**What is expected:**
For the data that follows, return each line unchanged and drop the pictures.

**Information provided:**
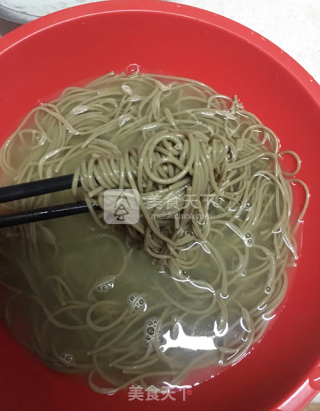 蛋炒苦荞面的做法步骤：2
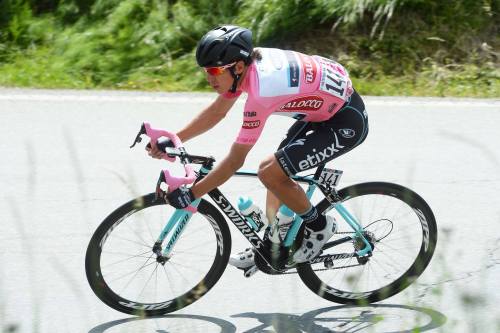 21-thechronicle:  flanderscyclingguy:  Uran during stage 13  that bar tape looks terrible on that bi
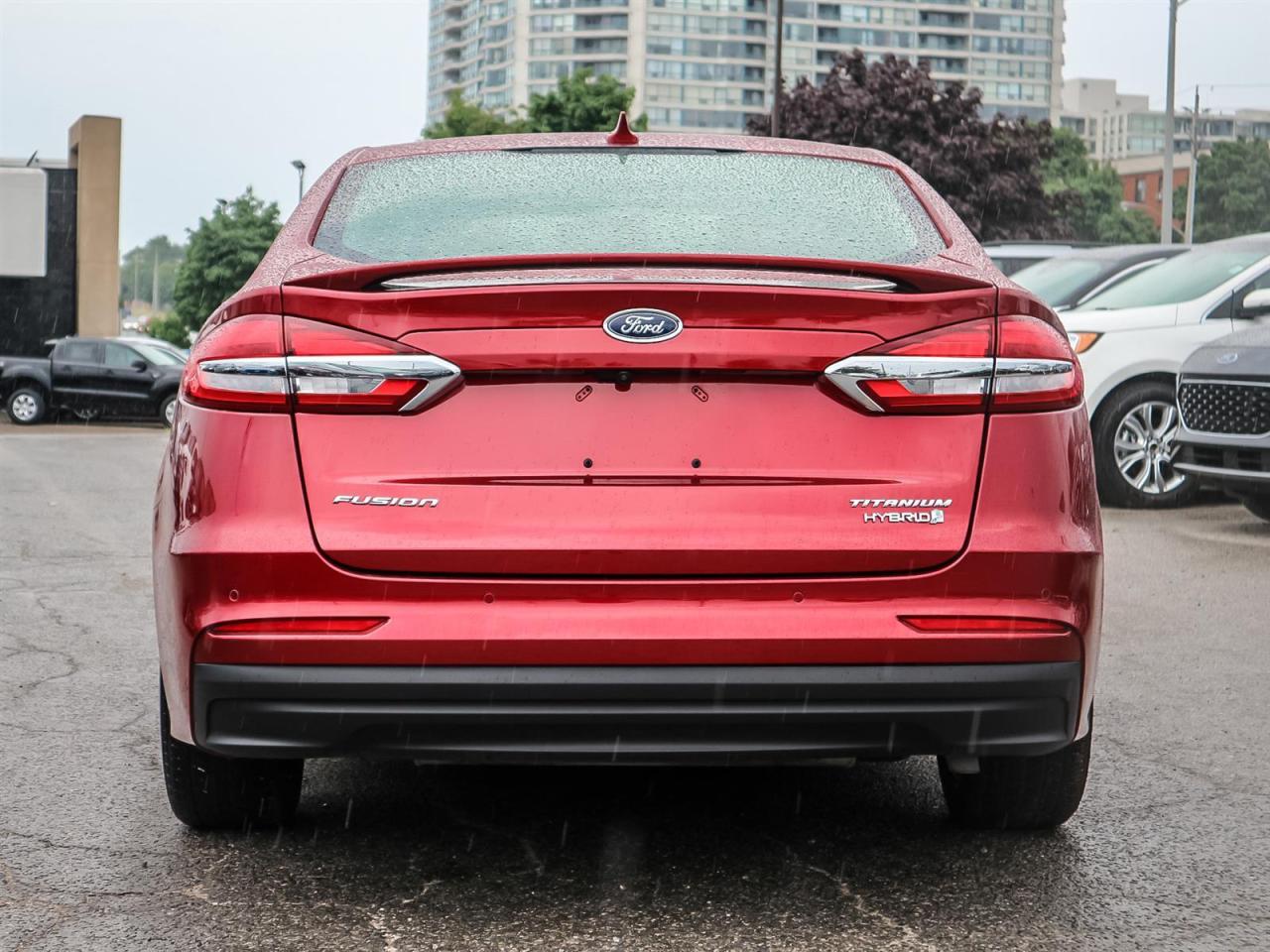 2019 Ford Fusion Hybrid HYBRID TITANIUM| LEATHER|ROOF|NAV| ADAPTIVE CRUISE Photo4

**Your response:**
 蛋炒苦荞面的做法步骤：2
 21-thechronicle:  flanderscyclingguy:  Uran during stage 13  that bar tape looks terrible on that bi
 2019 Ford Fusion Hybrid HYBRID TITANIUM| LEATHER|ROOF|NAV| ADAPTIVE CRUISE Photo4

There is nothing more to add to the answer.